Carnaby's black cockatoos lay a clutch of one or two eggs, with the second egg laid eight days after the first. One egg is generally larger in a two-egg clutch, and does not differ in size from the egg of a single-egg clutch. It ranges from around 44 to 54mm long and 32 to 41mm in diameter (1.7-2.1 1.3-1.6in). The second egg is around 3mm shorter. The egg has been calculated to weigh around 33 g-5% of that of the adult female. The female incubates the eggs alone over a period of 28 to 29 days. The second chick more often than not perishes within the first two days of life, though a small number fledge successfully.
The cockatoo feeds primarily on seeds of proteaceous plants such as Banksia, Hakea and Grevillea, and secondarily on seeds from myrtaceous plants such as Eucalyptus and Corymbia. Over fifty native plant species are commonly used for food, either as seed or flowers, and this includes western sheoak, orange wattle, and balga. Invertebrates such as the larvae of wood-boring moths and wasps are also eaten.
The Swan Coastal Plain north of Perth has become an important feeding area. There, cockatoos also forage in the Gnangara pine plantations, where they feed on the seeds of Pinus radiata and Pinus pinaster.

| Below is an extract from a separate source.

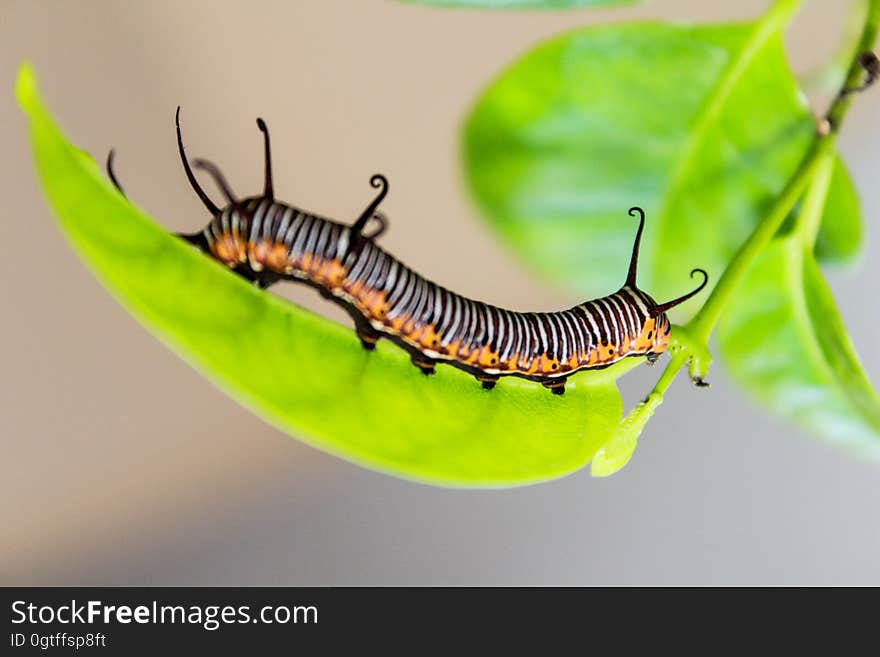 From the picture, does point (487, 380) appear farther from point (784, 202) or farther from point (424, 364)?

Carnaby's black cockatoos have come to depend on these plantations since the early 20th century.
Non-native plants that the birds also consume include Erodium species, doublegee (Emex australis) seeds, the fruit of the umbrella tree (Schefflera actinophylla), seeds of liquidambar (Liquidambar styraciflua), sunflower (Helianthus annuus), jacaranda (Jacaranda mimosifolia), almond (Prunus amygdalus), onion grass (Romulea rosea) and white cedar (Melia azedarach), and hibiscus flowers.
Typically, birds sit in the crowns of trees cracking the seed pods or cones, but occasionally they forage for fallen seed on the ground.
The wedge-tailed eagle kills Carnaby's black cockatoos sporadically, and is the only natural predator of the adult cockatoo.